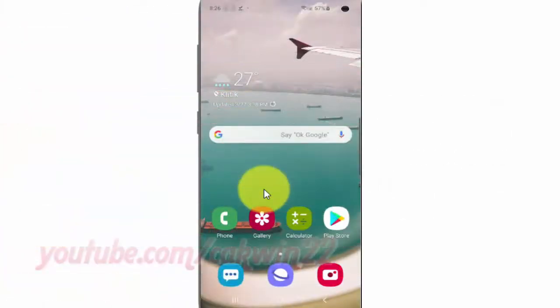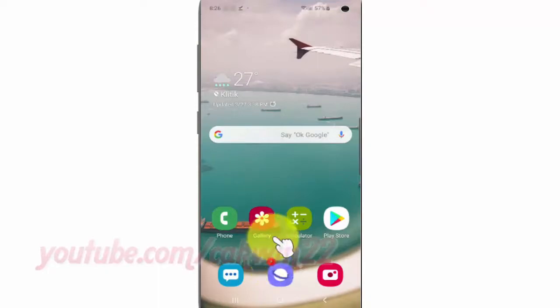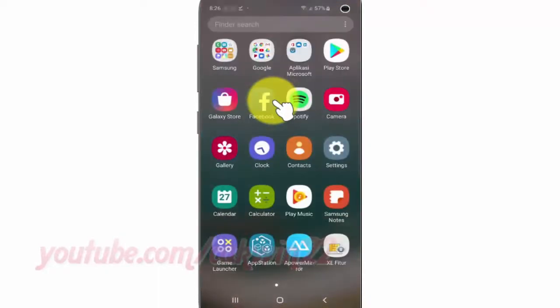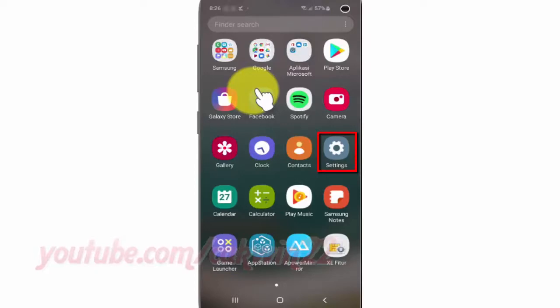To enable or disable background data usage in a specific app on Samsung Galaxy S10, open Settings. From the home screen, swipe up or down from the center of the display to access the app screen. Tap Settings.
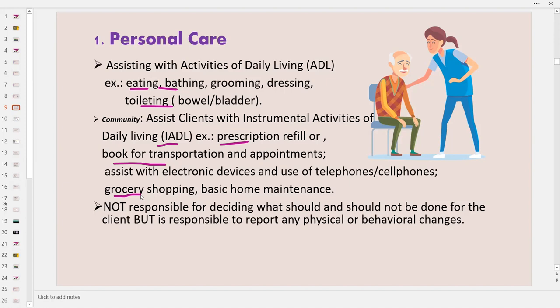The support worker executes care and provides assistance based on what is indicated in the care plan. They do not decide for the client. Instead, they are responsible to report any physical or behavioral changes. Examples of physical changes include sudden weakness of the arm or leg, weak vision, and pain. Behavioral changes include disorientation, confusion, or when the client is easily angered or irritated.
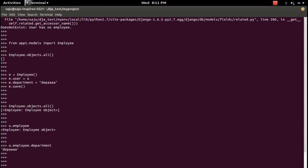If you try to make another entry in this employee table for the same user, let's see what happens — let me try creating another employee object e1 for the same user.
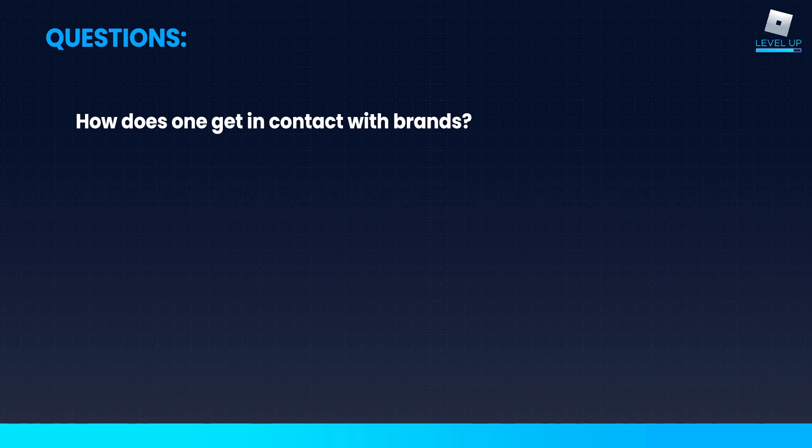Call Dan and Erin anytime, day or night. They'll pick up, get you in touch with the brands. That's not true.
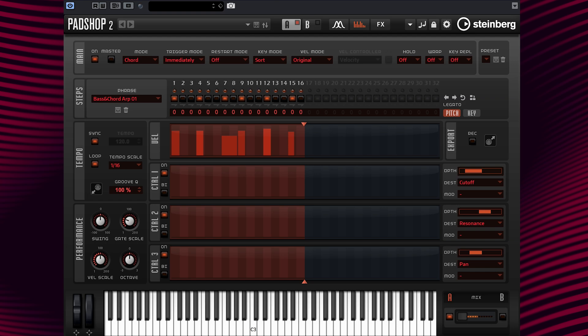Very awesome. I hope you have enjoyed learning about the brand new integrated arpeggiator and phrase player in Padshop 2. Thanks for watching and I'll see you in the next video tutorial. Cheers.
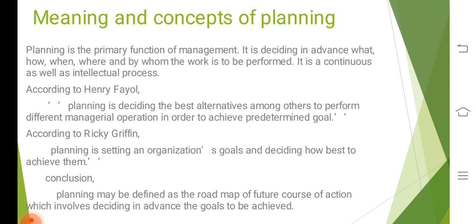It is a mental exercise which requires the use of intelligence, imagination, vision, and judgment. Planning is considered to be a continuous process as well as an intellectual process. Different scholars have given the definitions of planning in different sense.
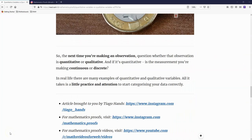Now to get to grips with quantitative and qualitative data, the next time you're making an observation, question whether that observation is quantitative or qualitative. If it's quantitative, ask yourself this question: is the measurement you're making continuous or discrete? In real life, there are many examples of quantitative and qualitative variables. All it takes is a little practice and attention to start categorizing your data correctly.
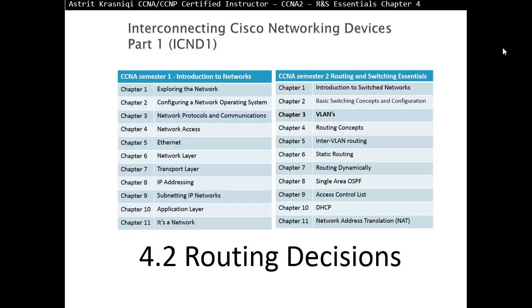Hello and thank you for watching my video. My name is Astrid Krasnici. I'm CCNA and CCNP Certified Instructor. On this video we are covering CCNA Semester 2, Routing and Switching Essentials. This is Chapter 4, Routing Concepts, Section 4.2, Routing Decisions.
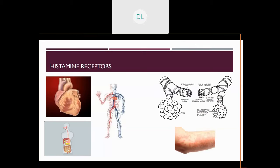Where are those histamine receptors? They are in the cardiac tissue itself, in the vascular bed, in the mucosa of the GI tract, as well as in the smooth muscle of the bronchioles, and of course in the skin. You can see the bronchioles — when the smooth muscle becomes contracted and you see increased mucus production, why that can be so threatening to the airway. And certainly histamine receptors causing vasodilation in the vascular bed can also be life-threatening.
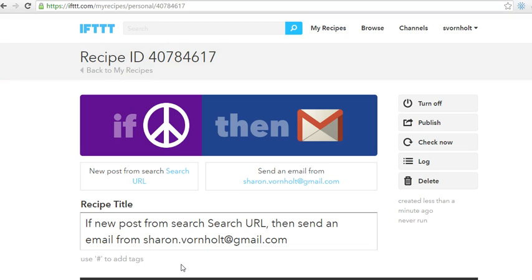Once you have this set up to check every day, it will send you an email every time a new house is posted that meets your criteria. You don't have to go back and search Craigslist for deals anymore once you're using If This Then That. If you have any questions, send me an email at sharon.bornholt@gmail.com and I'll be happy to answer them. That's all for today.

******

What to work on: The listing must be returned in full and exactly, apart from its pictures.

Expected answer:
To enable or disable background data usage in a specific app on Samsung Galaxy S10, open Settings. From the home screen, swipe up or down from the center of the display to access the app screen. Tap Settings.
The support worker executes care and provides assistance based on what is indicated in the care plan. They do not decide for the client. Instead, they are responsible to report any physical or behavioral changes. Examples of physical changes include sudden weakness of the arm or leg, weak vision, and pain. Behavioral changes include disorientation, confusion, or when the client is easily angered or irritated.
If you try to make another entry in this employee table for the same user, let's see what happens — let me try creating another employee object e1 for the same user.
Call Dan and Erin anytime, day or night. They'll pick up, get you in touch with the brands. That's not true.
Very awesome. I hope you have enjoyed learning about the brand new integrated arpeggiator and phrase player in Padshop 2. Thanks for watching and I'll see you in the next video tutorial. Cheers.
It is a mental exercise which requires the use of intelligence, imagination, vision, and judgment. Planning is considered to be a continuous process as well as an intellectual process. Different scholars have given the definitions of planning in different sense.
Now to get to grips with quantitative and qualitative data, the next time you're making an observation, question whether that observation is quantitative or qualitative. If it's quantitative, ask yourself this question: is the measurement you're making continuous or discrete? In real life, there are many examples of quantitative and qualitative variables. All it takes is a little practice and attention to start categorizing your data correctly.
Hello and thank you for watching my video. My name is Astrid Krasnici. I'm CCNA and CCNP Certified Instructor. On this video we are covering CCNA Semester 2, Routing and Switching Essentials. This is Chapter 4, Routing Concepts, Section 4.2, Routing Decisions.
Where are those histamine receptors? They are in the cardiac tissue itself, in the vascular bed, in the mucosa of the GI tract, as well as in the smooth muscle of the bronchioles, and of course in the skin. You can see the bronchioles — when the smooth muscle becomes contracted and you see increased mucus production, why that can be so threatening to the airway. And certainly histamine receptors causing vasodilation in the vascular bed can also be life-threatening.
Once you have this set up to check every day, it will send you an email every time a new house is posted that meets your criteria. You don't have to go back and search Craigslist for deals anymore once you're using If This Then That. If you have any questions, send me an email at sharon.bornholt@gmail.com and I'll be happy to answer them. That's all for today.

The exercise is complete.